Wednesday, 12 August 2015

Hadoop 2.7.1 for Windows 10 binary build with Visual Studio 2015 (unofficial)

I was looking for windows binaries for the latest hadoop version, to deploy on my dev pc. Unfortunately, there aren't binaries available for the windows platform, and the best way may be building it yourself.
I've tried to follow the instructions from https://wiki.apache.org/hadoop/Hadoop2OnWindows (BUILDING.tx), but here is what I found:
  • Windows SDK no longer includes a command prompt, so I was left with the Visual Studio  2010 option.
  • It's pretty tricky to find a Visual Studio 2010 version on MS's website. If it hasn't been removed at all.

A combination of a bit of lazyness to find VS 2010 and liking to have the latest and greatest, I decided to build hadoop with VS 2015. 

For the impatient

You can get my tailored hadoop-2.7.1 win64 build from https://onedrive.live.com/redir?resid=CA785B9261F68AF4!447&authkey=!AGnl0VM-t9Wt5-M&ithint=file%2cgz

This is an unofficial build, it is unsupported, and intended for use on a dev box. Definitely not intended for production.

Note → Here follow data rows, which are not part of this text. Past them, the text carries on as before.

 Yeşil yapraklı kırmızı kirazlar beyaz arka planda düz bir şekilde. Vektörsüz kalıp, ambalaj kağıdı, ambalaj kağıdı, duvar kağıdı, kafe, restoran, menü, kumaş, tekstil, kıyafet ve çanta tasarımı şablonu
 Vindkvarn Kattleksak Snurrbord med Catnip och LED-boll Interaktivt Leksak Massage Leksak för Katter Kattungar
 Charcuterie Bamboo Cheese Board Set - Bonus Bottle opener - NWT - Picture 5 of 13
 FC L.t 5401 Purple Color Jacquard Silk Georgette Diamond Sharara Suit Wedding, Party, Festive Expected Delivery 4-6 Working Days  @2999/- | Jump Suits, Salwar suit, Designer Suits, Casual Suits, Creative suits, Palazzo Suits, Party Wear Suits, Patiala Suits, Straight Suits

All other instructions below are on how to build the binaries from the official sources. So you can build it and support it yourself.

My environment


Here's my shopping list:

  • Windows 10
  • JDK 1.8.0_51
  • Maven 3.3.3
  • Findbugs 1.3.9 (I haven't used this)
  • ProtocolBuffer 2.5.0 (I didn't pick the latest and greatest here - it has to be 2.5.0)
  • CMake 3.3.0
  • Visual Studio 2015 Community Edition
  • GnuWin32 0.6.3 - a bit painful to install but so is cygwin
  • zlib 1.2.8
  • internet connection

Windows System Environment variables

JAVA_HOME = "C:\Program Files\Java\jdk1.8.0_51"
MAVEN_HOME=c:\apache-maven-3.3.3
(make sure you point the above to your JDK version and maven installation)

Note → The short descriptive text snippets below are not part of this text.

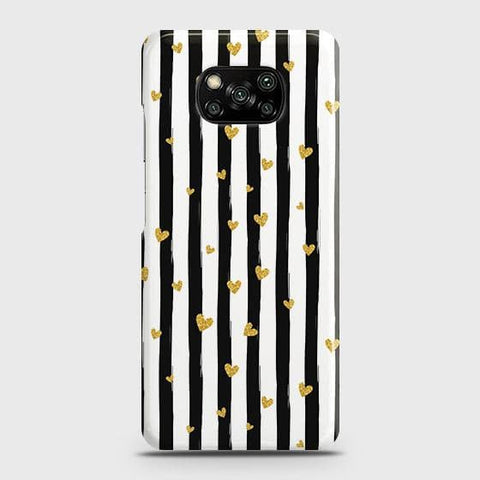 Xiaomi Poco X3 Cover - Trendy Black & White Lining With Golden Hearts Printed Hard Case with Life Time Colors Guarantee (Fast Delivery)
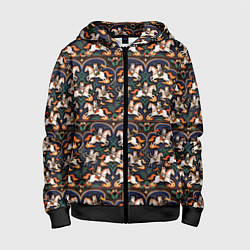 Толстовка на молнии детская Новогодние коты всадники на лошади, цвет: 3D-черный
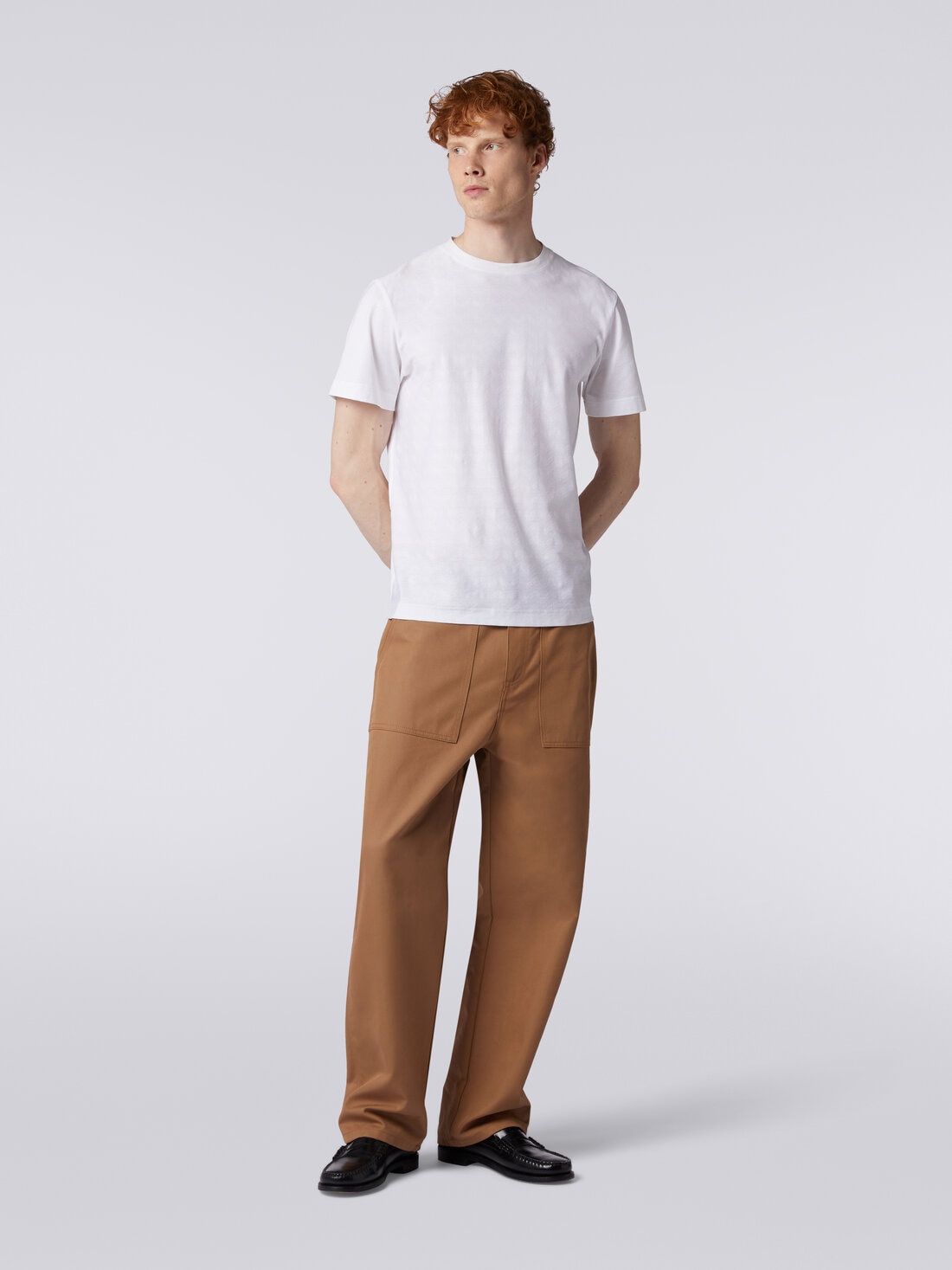 Short-sleeved T-shirt in zigzag cotton, White  - US24SL0CBJ00B4S01BI - 1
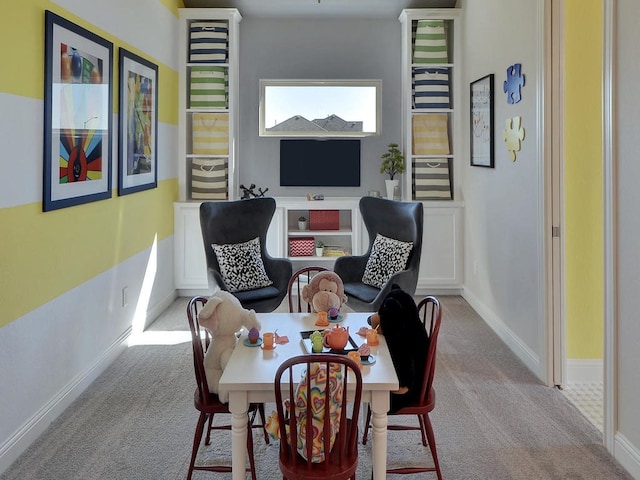 interior space featuring carpet flooring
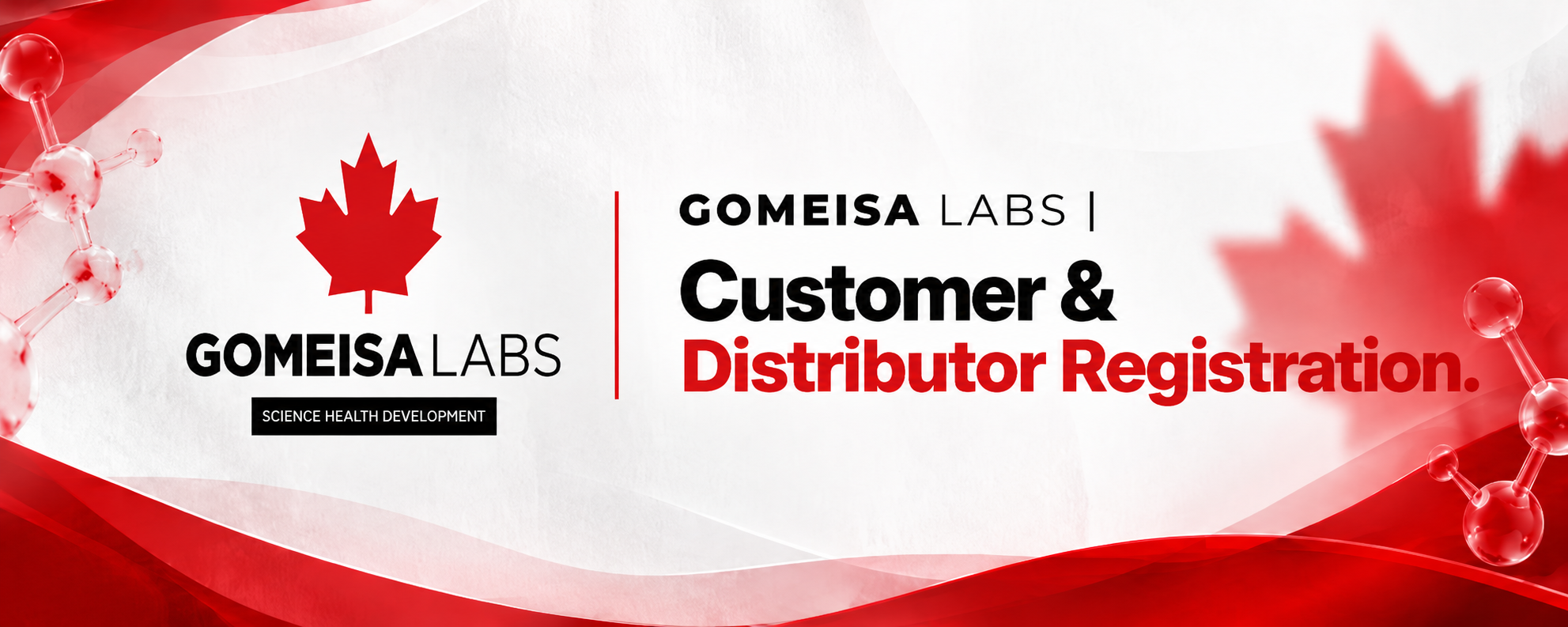 Gomeisa Labs customer and distributor registration banner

I appended the following to my windows system environment Path variable:

;%MAVEN_HOME%\bin;C:\Windows\Microsoft.NET\Framework64\v4.0.30319;c:\zlib

The weird "C:\Windows\Microsoft.NET\Framework64\v4.0.30319" path is the location of MSBuild.exe, which is required during the build process.


Protoc Buffers 2.5.0

Oh no, another unix/linux only build? I've downloaded the google package named protoc-2.5.0-win32.zip. Then extracted the binary file (protoc.exe) to  c:\windows\system32 - just a lazy way to put it on the path.

I'm not 100% sure of the effect of having a win32 component for this win64 build. But:
"Hadoop 0.23+ requires the protocol buffers JAR (protobufs.jar) to be on the classpath of both clients and servers; the native binaries are required to compile this and later versions of Hadoop." - http://wiki.apache.org/hadoop/ProtocolBuffers.

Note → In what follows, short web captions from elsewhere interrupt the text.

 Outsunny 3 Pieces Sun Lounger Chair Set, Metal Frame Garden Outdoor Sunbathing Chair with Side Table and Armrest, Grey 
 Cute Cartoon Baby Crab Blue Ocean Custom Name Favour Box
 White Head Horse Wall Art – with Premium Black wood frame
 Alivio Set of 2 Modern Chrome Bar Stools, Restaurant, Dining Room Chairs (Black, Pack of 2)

So I understand the win32 executable is used only during the build process (the jar equivalent should be packaged in the build).

If it is used in any way to compile native code, we may have left with some pointers out of order. I'll come back to this when I can.

Tweaking the Hadoop sources

Well, this was necessary to allow to build to execute. It shouldn't affect the quality of the build itself, but let's keep in mind the result is an unofficial, unsupported, use at your own risk hadoop, intended for a development environment.

Migrating VS projects


The following files need to be open with Visual Studio 2015:

  • <hadoop_src_folder>\hadoop-common-project\hadoop-common\src\main\winutils\winutils.vcxproj
  • <hadoop_src_folder>\hadoop-common-project\hadoop-common\src\main\native\native.vcxproj

Visual Studio will complain of them being of an old version. All you have to do is to save all and close.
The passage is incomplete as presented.